Task goal
Every entry in the data that follows should come back exactly, pictures aside.

Stored data entries
________________________________________

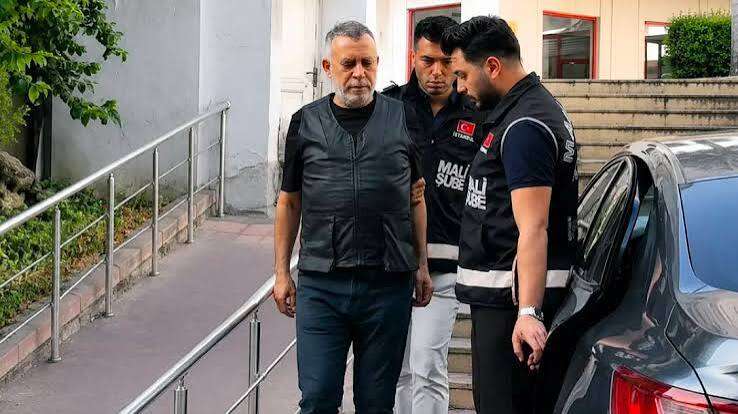 haluk-levent-005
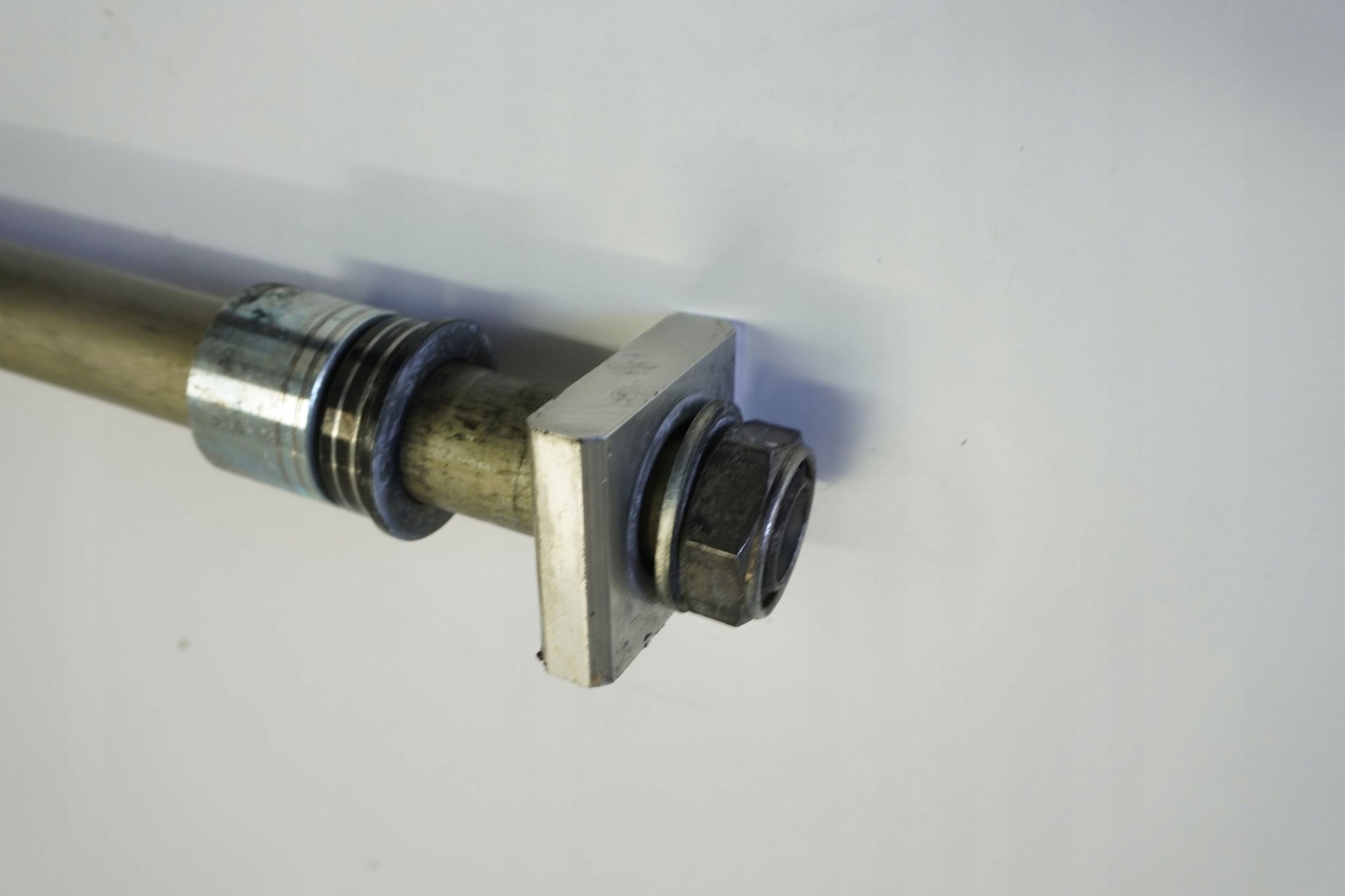 YAMAHA FZ8 10-15 Hinterachse Achse hinten Radachse rear axle 2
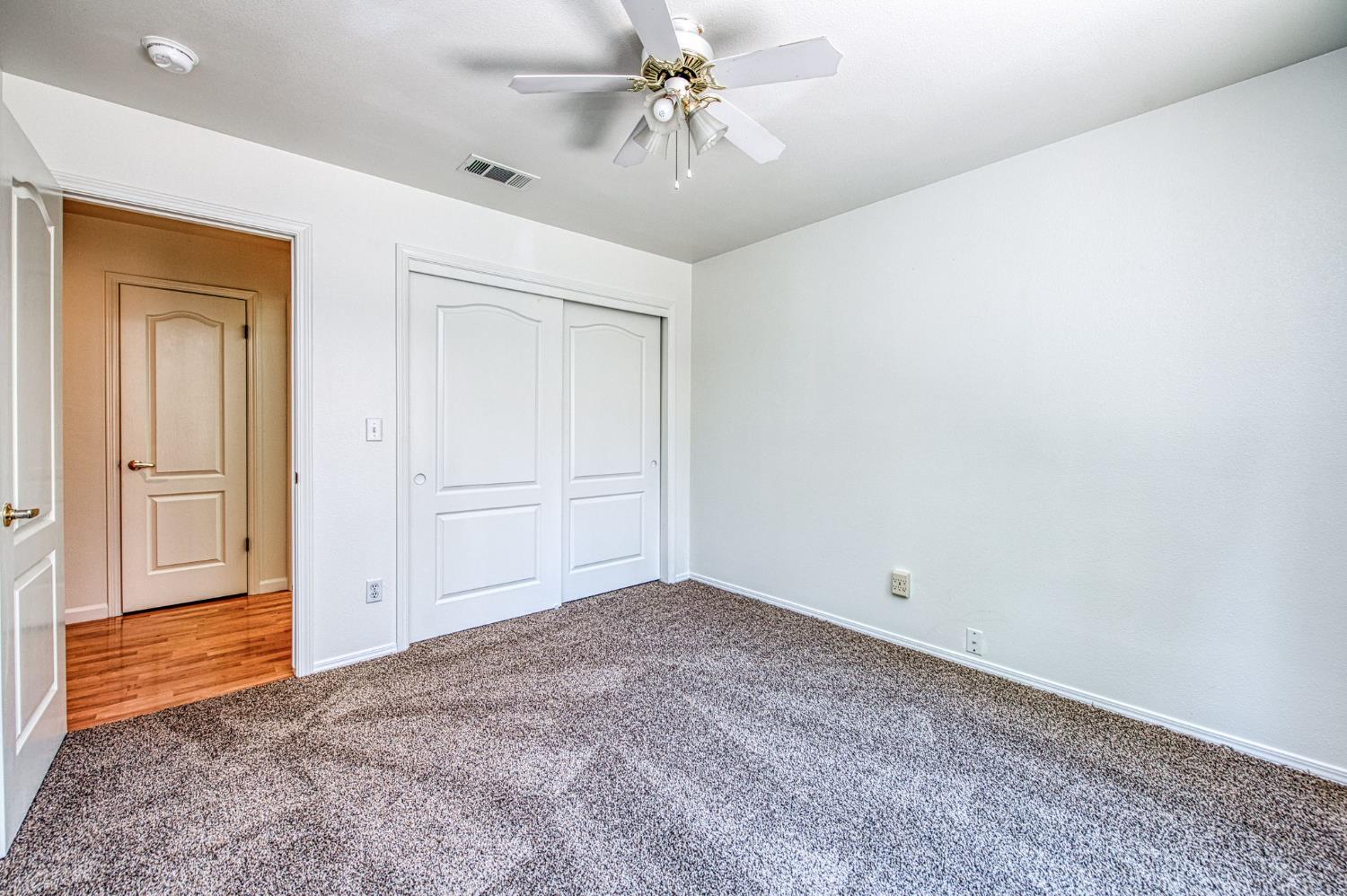 1811 E Oak Haven Dr, Fresno, CA 93730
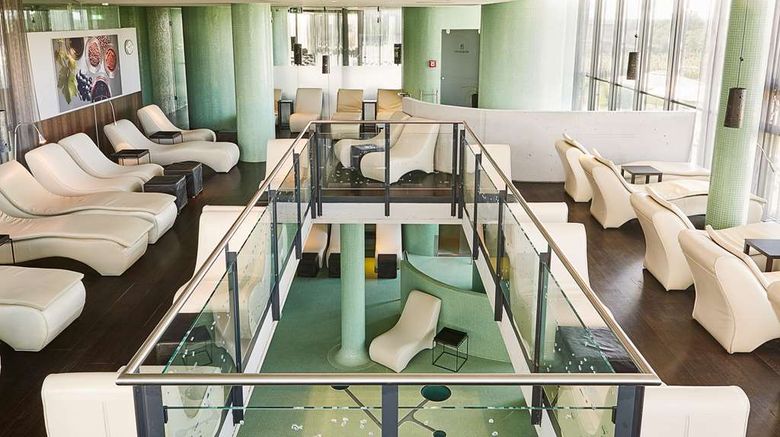<b>LOISIUM Wine & Spa Resort Langenlois Spa</b>. Images powered by <a href="https://iceportal.shijigroup.com/" title="IcePortal" target="_blank">IcePortal</a>.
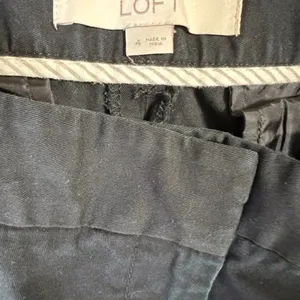 Loft size 4‎ black pants thumbnail 3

________________________________________

Output of the exercise
 haluk-levent-005
 YAMAHA FZ8 10-15 Hinterachse Achse hinten Radachse rear axle 2
 1811 E Oak Haven Dr, Fresno, CA 93730
<b>LOISIUM Wine & Spa Resort Langenlois Spa</b>. Images powered by <a href="https://iceportal.shijigroup.com/" title="IcePortal" target="_blank">IcePortal</a>.
 Loft size 4‎ black pants thumbnail 3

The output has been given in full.